(Data records)
Content starts

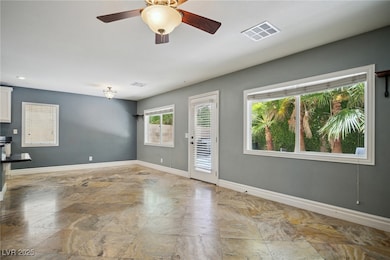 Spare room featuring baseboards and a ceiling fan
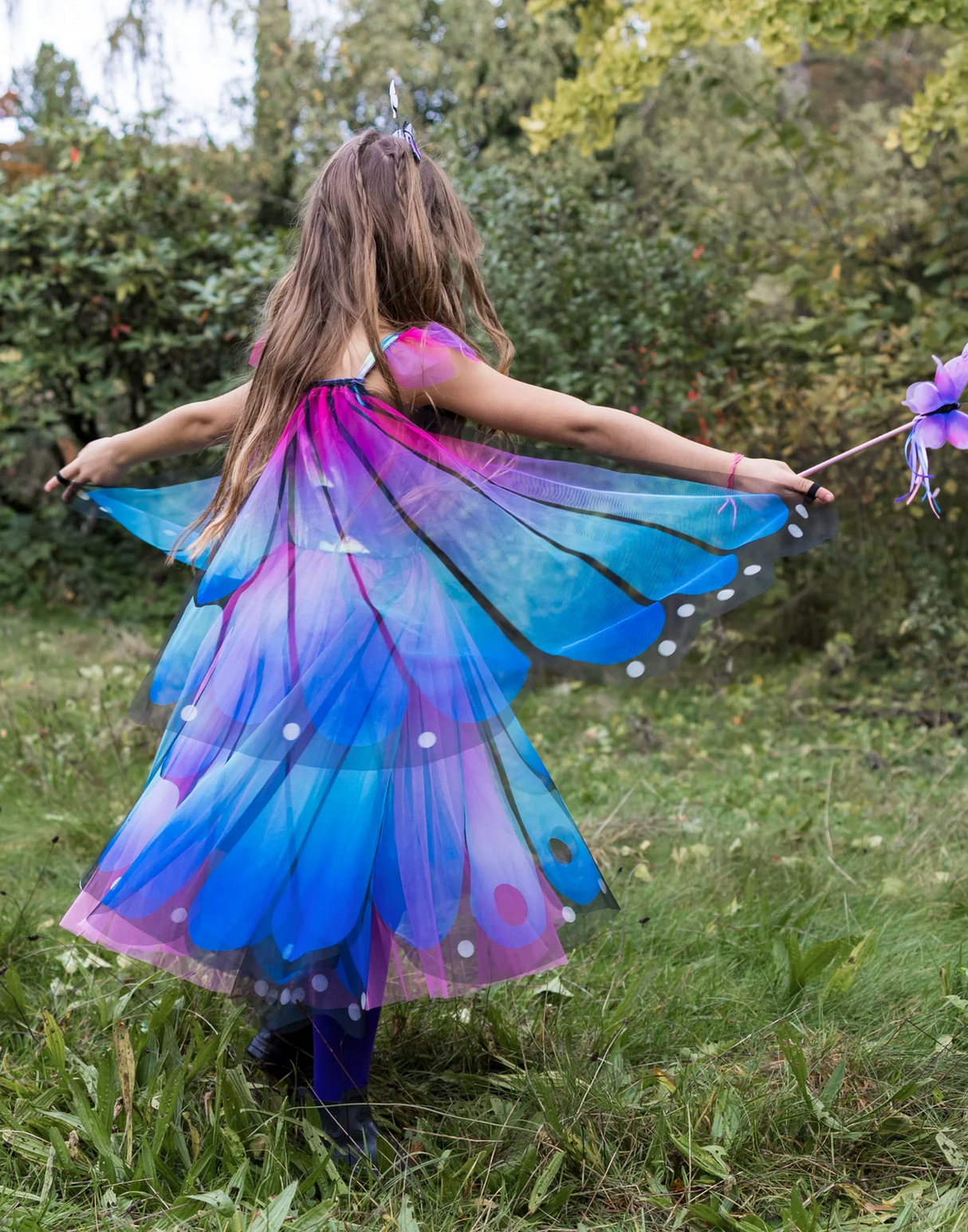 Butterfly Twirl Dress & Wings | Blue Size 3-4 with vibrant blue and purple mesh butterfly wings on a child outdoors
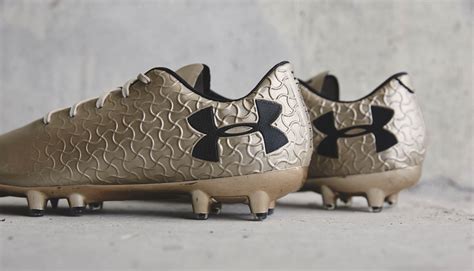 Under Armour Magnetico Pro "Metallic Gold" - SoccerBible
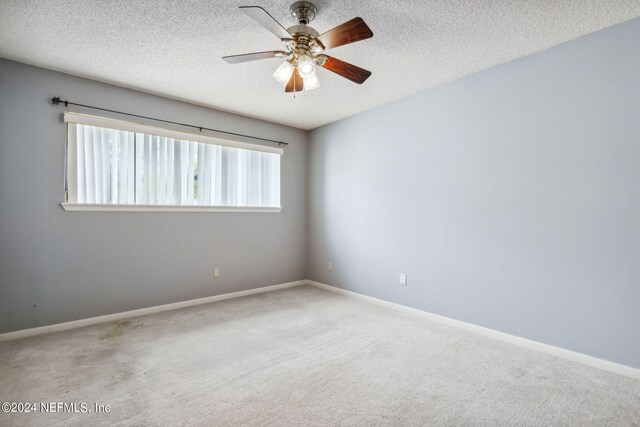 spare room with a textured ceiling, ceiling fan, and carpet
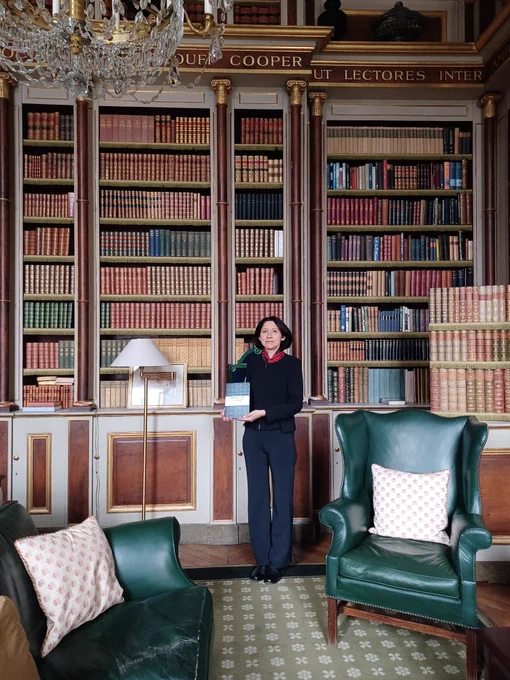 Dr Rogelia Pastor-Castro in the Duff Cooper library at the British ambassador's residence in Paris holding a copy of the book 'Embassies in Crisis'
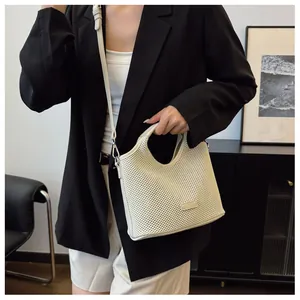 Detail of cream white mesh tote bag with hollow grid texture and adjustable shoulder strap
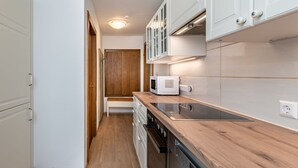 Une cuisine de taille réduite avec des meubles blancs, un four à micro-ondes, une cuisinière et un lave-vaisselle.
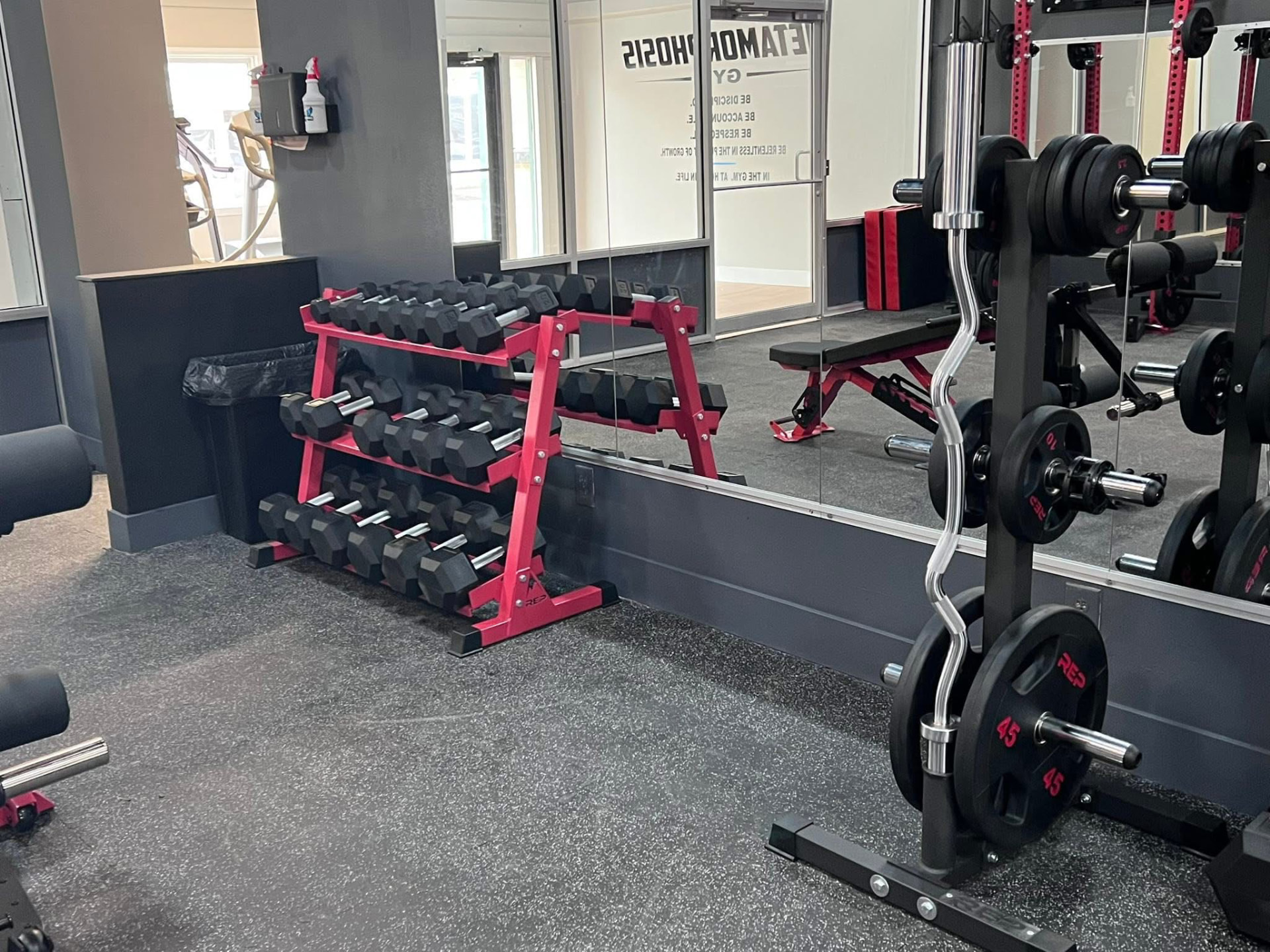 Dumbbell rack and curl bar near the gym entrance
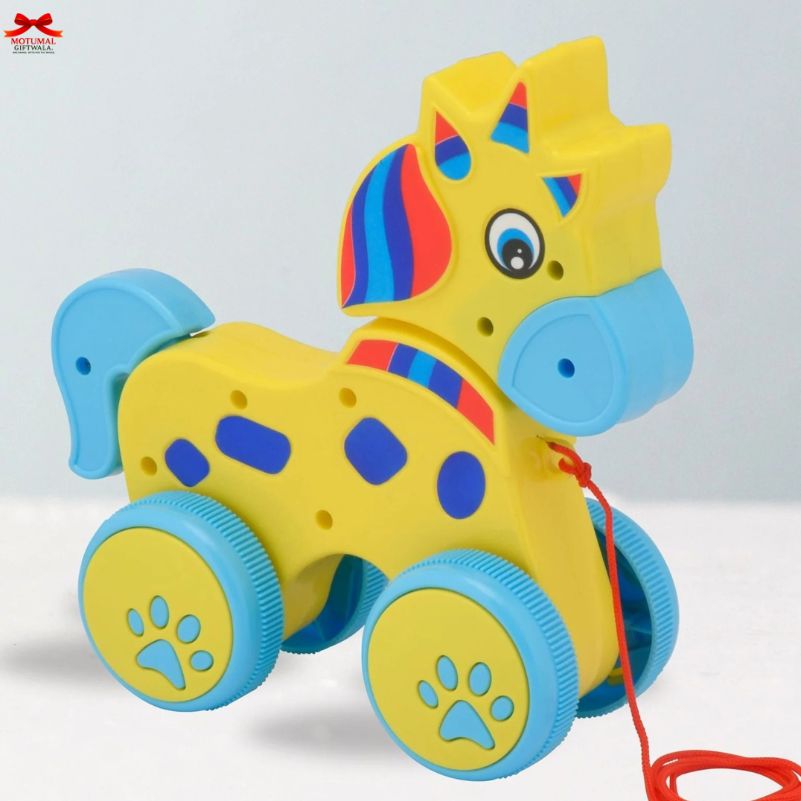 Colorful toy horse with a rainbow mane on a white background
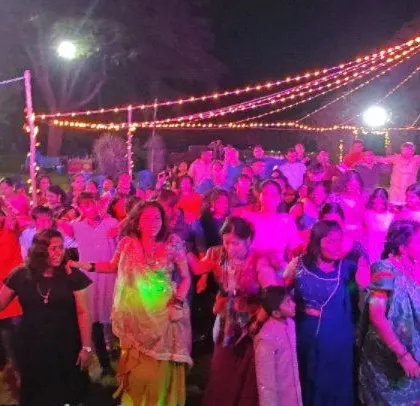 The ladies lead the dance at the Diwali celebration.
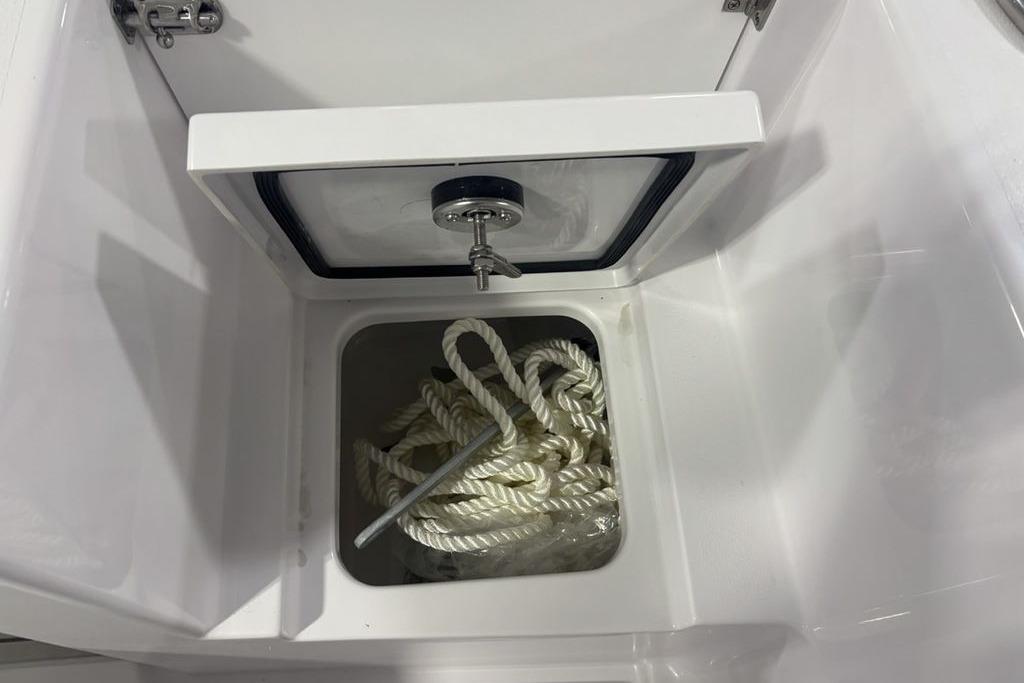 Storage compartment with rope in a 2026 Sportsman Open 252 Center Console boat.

Content ends

## What is being asked
Quote precisely the lines of the data from the line containing "Detail of cream" through its final line, both included, excluding pictures.

## Response box
 Detail of cream white mesh tote bag with hollow grid texture and adjustable shoulder strap
 Une cuisine de taille réduite avec des meubles blancs, un four à micro-ondes, une cuisinière et un lave-vaisselle.
 Dumbbell rack and curl bar near the gym entrance
 Colorful toy horse with a rainbow mane on a white background
 The ladies lead the dance at the Diwali celebration.
 Storage compartment with rope in a 2026 Sportsman Open 252 Center Console boat.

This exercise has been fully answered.